Arnold Turboust présente « Sur la photo » son sixième album solo depuis 1988. C’est peu, mais assez pour renplir une vie d’artiste. Une vie programmée pour intégrer une école de commerce qui bifurque vers Marquis de Sade, Private Joke puis Etienne Daho. Rencontre.

Pourquoi cette grande plage sur la pochette ? Que raconte-t-elle ?
Arnold Turboust : C’est une plage normande à côté de Port Bail, juste en face de l’Ile de Jersey. Le dimanche, les balades familiales nous conduisaient souvent vers l’ile anglo-narmande. « Sur la photo », c’est moi et les 14 titres de l’album sont autant de souvenirs, d’instantanés. Une photo a la caractéristique de déjà faire parti du passé, de crystaliser l’instant présent.
Une plage normande comme une volonté de marquer ses racines ?
A.T. : Oui un peu. La première chanson de l’album « Honni soit qui mal y pense » parle de ça : de la Normadie. Ma famille est originaire de Falaise avec tout ce que ça comporte, notemment les commémorations de Guillaume le Conquérant. Petit, je me souviens très bien de son millénaire en 1966. La ville était en fête.
Depuis 1988, vous n’avez sorti que 6 albums.

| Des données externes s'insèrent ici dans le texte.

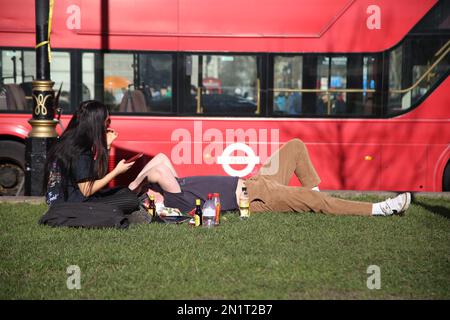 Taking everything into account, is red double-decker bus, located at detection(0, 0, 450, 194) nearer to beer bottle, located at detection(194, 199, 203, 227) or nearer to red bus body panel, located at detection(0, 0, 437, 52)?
red bus body panel, located at detection(0, 0, 437, 52)

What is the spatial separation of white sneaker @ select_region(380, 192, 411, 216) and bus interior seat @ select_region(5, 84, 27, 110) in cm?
596

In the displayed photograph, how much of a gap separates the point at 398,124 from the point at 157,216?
4755mm

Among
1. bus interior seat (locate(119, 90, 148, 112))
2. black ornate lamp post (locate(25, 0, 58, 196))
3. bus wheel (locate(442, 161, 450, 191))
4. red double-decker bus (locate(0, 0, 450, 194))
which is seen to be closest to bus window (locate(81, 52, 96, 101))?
red double-decker bus (locate(0, 0, 450, 194))

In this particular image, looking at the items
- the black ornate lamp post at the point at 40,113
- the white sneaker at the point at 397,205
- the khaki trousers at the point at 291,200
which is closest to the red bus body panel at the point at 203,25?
the black ornate lamp post at the point at 40,113

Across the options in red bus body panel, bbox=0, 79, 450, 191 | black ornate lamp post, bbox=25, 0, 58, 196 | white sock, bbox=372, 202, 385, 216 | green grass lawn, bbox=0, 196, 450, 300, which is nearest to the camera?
green grass lawn, bbox=0, 196, 450, 300

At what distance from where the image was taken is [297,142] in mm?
8320

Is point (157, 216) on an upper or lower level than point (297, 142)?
lower

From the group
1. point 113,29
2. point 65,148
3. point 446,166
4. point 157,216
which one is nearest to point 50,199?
point 65,148

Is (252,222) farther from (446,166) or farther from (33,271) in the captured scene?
(446,166)

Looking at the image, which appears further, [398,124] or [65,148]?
[398,124]

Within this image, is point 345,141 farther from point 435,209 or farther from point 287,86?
point 435,209

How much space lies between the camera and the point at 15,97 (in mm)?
10734

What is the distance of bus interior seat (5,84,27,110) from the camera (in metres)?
10.7

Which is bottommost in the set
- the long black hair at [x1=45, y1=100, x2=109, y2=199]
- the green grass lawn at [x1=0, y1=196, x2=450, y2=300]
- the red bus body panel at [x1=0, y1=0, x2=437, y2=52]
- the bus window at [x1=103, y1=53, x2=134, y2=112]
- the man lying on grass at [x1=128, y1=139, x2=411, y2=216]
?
the green grass lawn at [x1=0, y1=196, x2=450, y2=300] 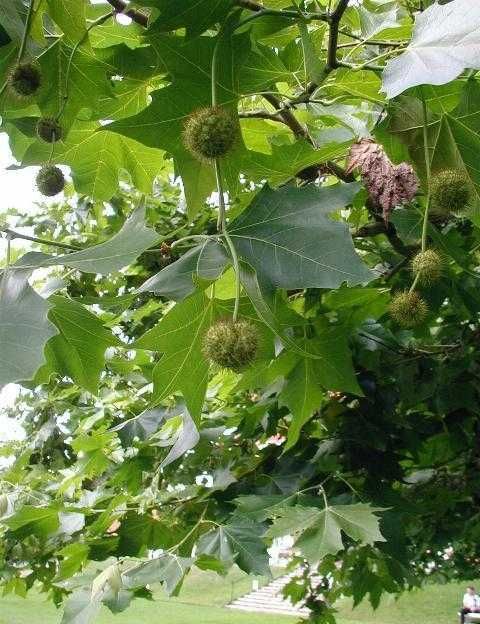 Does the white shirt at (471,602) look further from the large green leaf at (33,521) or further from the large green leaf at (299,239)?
the large green leaf at (299,239)

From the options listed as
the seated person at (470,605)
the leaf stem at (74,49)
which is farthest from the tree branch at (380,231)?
the seated person at (470,605)

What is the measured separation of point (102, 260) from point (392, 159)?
78cm

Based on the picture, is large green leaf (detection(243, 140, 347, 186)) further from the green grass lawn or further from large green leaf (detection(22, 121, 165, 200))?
the green grass lawn

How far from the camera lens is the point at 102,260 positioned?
4.65 feet

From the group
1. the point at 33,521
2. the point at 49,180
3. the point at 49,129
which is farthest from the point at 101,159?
the point at 33,521

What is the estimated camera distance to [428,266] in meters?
1.74

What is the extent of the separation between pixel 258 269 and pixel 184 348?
383mm

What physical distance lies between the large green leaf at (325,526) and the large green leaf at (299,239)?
2.70 feet

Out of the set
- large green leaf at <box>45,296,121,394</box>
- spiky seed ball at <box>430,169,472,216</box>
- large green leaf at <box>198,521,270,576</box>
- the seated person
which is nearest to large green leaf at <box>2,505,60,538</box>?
large green leaf at <box>198,521,270,576</box>

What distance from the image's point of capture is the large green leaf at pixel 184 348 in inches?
67.2

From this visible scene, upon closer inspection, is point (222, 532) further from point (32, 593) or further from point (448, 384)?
point (32, 593)

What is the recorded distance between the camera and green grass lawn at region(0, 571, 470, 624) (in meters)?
12.7

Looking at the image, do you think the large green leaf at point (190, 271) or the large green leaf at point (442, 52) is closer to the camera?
the large green leaf at point (442, 52)

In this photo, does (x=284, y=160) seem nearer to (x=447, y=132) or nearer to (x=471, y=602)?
(x=447, y=132)
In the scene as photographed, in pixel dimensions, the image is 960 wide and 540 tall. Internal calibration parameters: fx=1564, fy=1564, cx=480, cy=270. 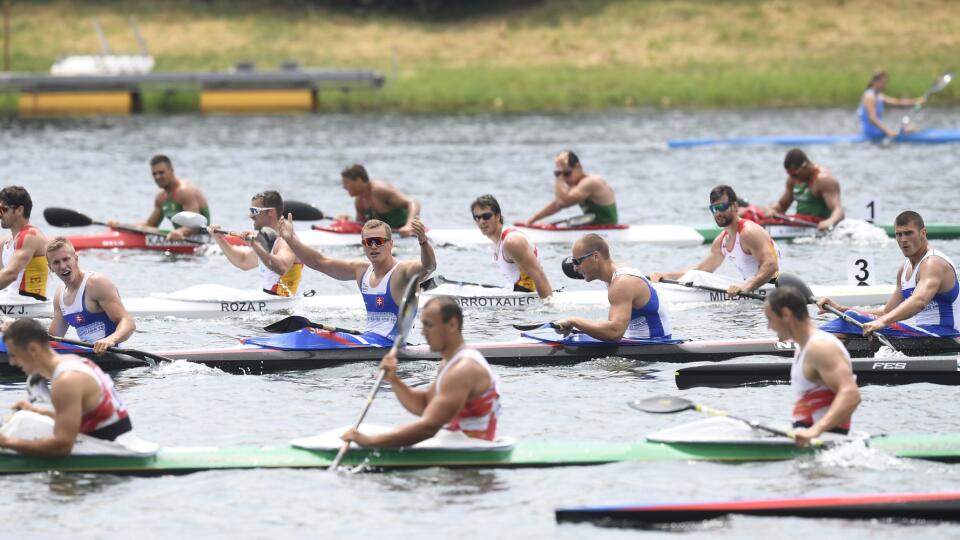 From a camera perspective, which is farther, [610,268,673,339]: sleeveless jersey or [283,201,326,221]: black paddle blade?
[283,201,326,221]: black paddle blade

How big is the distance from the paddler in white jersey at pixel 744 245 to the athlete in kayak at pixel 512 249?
1510 mm

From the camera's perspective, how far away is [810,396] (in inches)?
457

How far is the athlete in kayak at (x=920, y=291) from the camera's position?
14914mm

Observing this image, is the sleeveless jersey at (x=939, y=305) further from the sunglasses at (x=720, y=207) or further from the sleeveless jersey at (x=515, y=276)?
the sleeveless jersey at (x=515, y=276)

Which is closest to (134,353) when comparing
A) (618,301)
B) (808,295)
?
(618,301)

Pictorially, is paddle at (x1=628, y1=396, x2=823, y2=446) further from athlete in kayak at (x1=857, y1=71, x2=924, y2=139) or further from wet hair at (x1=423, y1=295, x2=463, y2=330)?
athlete in kayak at (x1=857, y1=71, x2=924, y2=139)

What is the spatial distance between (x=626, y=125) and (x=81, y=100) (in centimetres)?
1777

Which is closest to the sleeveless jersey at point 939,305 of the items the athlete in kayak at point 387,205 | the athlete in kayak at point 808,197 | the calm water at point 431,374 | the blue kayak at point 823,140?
the calm water at point 431,374

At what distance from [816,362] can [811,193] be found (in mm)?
13467

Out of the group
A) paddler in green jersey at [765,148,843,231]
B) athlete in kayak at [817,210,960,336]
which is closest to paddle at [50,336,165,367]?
athlete in kayak at [817,210,960,336]

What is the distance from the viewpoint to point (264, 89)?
50.3 metres

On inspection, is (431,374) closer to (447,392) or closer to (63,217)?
(447,392)

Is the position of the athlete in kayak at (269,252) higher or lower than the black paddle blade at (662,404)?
higher

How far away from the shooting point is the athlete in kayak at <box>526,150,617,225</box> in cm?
2308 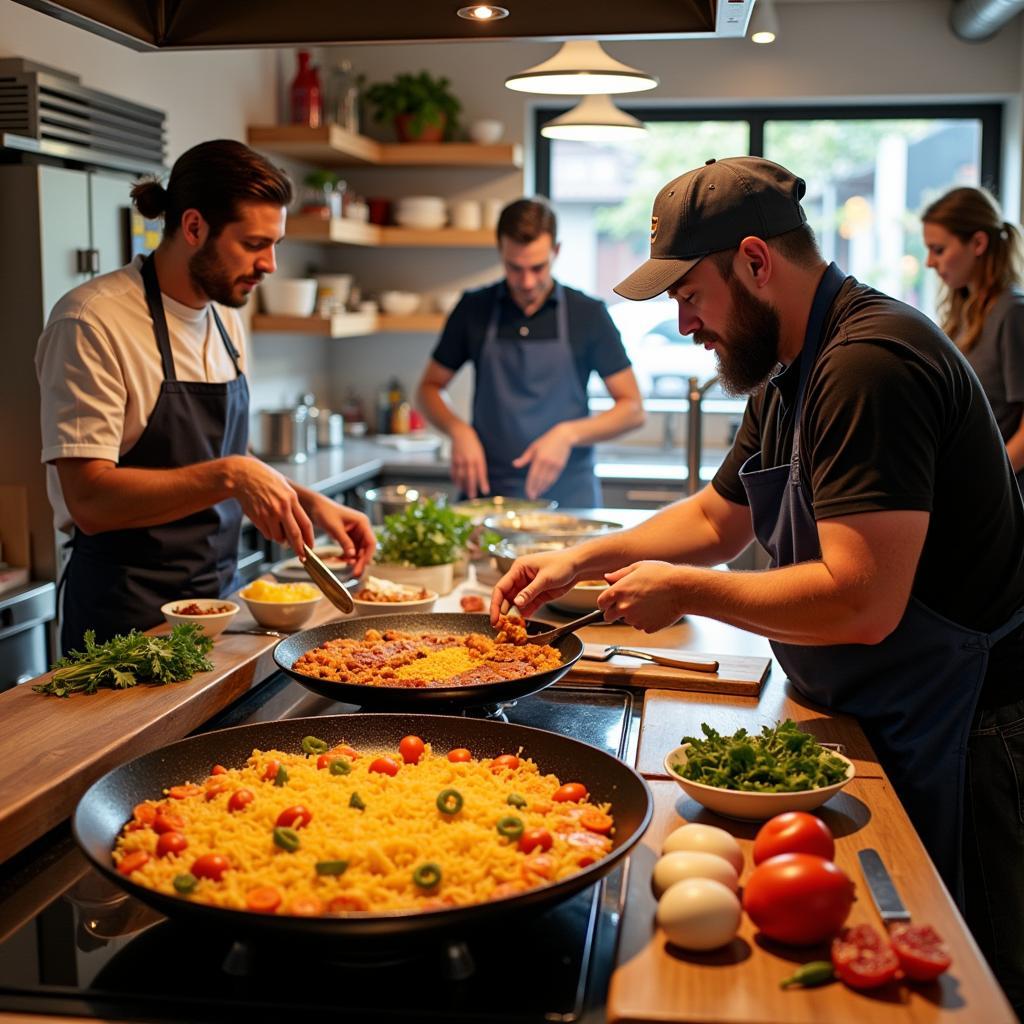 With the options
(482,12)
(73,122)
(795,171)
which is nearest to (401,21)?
(482,12)

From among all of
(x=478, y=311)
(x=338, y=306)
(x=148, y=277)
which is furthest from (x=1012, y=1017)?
(x=338, y=306)

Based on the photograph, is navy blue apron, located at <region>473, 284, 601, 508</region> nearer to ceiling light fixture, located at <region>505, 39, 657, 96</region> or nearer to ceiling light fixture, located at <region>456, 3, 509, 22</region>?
ceiling light fixture, located at <region>505, 39, 657, 96</region>

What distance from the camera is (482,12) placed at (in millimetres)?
1953

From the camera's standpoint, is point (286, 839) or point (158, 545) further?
point (158, 545)

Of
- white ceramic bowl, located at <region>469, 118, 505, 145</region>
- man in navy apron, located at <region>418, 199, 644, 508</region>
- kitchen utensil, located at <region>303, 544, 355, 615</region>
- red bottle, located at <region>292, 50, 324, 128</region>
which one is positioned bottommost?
kitchen utensil, located at <region>303, 544, 355, 615</region>

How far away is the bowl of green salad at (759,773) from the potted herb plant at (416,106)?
16.1ft

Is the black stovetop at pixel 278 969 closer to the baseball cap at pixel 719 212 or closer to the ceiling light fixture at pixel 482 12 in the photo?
the baseball cap at pixel 719 212

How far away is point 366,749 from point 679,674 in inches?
26.6

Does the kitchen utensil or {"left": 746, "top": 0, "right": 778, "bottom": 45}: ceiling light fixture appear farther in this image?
{"left": 746, "top": 0, "right": 778, "bottom": 45}: ceiling light fixture

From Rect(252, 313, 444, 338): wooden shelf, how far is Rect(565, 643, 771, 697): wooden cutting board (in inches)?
141

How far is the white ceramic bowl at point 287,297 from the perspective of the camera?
562cm

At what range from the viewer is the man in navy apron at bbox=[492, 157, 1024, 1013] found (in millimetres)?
1744

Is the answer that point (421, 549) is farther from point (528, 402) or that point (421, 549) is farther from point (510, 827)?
point (528, 402)

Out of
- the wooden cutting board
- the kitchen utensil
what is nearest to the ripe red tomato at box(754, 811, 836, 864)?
the wooden cutting board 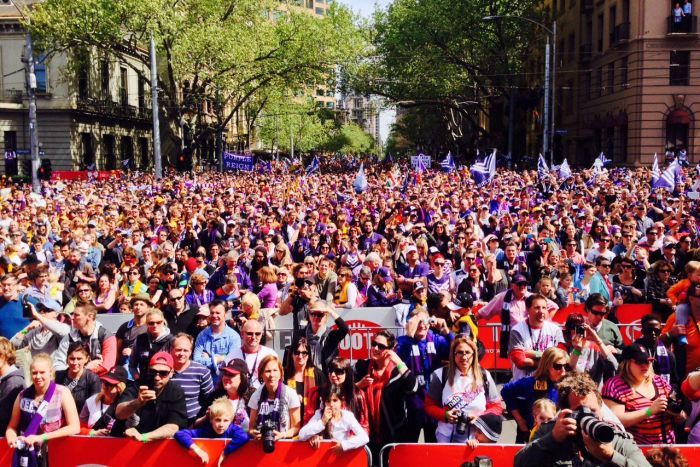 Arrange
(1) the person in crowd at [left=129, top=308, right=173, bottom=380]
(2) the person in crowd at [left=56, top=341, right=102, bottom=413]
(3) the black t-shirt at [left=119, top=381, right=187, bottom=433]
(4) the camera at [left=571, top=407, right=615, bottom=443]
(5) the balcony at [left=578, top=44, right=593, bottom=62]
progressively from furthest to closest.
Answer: (5) the balcony at [left=578, top=44, right=593, bottom=62] → (1) the person in crowd at [left=129, top=308, right=173, bottom=380] → (2) the person in crowd at [left=56, top=341, right=102, bottom=413] → (3) the black t-shirt at [left=119, top=381, right=187, bottom=433] → (4) the camera at [left=571, top=407, right=615, bottom=443]

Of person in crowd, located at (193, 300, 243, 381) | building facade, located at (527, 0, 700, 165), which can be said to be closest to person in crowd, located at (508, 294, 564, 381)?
person in crowd, located at (193, 300, 243, 381)

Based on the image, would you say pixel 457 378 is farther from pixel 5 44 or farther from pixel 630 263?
pixel 5 44

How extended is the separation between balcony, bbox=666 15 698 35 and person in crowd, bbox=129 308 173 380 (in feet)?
118

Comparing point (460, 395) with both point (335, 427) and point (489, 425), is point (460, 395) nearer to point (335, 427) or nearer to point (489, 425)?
point (489, 425)

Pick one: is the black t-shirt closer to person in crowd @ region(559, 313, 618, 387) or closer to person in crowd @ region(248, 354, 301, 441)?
person in crowd @ region(248, 354, 301, 441)

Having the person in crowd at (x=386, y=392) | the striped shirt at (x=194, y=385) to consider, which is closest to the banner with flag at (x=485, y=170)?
the person in crowd at (x=386, y=392)

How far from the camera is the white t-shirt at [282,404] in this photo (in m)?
5.47

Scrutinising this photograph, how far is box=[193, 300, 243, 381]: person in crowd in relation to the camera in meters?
6.74

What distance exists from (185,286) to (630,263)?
5543 mm

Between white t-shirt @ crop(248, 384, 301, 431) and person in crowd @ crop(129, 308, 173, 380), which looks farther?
person in crowd @ crop(129, 308, 173, 380)

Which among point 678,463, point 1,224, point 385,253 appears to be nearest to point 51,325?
point 385,253

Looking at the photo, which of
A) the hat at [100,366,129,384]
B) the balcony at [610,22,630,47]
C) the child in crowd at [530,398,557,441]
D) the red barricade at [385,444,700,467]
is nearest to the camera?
the child in crowd at [530,398,557,441]

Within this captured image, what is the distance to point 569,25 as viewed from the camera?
1901 inches

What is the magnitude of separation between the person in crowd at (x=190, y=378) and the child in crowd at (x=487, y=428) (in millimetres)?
2091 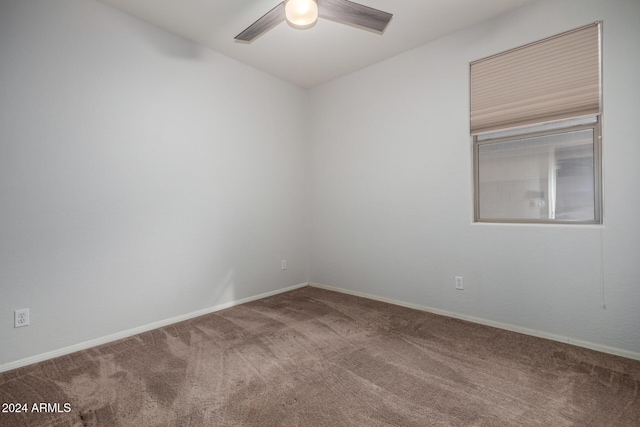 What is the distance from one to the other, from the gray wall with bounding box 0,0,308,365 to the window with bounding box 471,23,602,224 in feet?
8.25

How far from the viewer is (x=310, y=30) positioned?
9.92 ft

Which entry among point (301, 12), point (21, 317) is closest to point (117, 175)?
point (21, 317)

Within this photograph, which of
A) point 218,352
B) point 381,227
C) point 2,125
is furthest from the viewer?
point 381,227

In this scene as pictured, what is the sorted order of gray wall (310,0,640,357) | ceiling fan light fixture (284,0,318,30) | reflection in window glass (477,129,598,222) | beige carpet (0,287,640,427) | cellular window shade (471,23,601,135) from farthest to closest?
reflection in window glass (477,129,598,222) → cellular window shade (471,23,601,135) → gray wall (310,0,640,357) → ceiling fan light fixture (284,0,318,30) → beige carpet (0,287,640,427)

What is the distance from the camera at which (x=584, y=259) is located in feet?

C’est étonnament peu. Quel est l’élément déclancheur qui donne naissance à un nouveau disque ?
A.T. : C’est l’envie, trouver l’inspiration. Il faut écrire les chansons, les arranger… Je suis un peu long en fait !
Entre deux albums, quel est votre quotidien ?
A.T. : J’ai toujours vécu de musique. Et aujourd’hui, c’est un peu compliqué de ne vivre que de musique et de droits d’auteur. Mais je n’arrête pas de composer. En cemoment, j’écris aussi des textes pour des chansons de dessins animés comme « Drôles de petites bêtes » par exemple. Quelque part, artiste, c’est une vie d’aventure. On ne peut pas vivre unquement de ses chansons a moins d’avoir une notoriété extrème. Mais j’ai cette chance de pouvoir me produire quand je veux.
Les concerts sont une étapes importantes pour vous ?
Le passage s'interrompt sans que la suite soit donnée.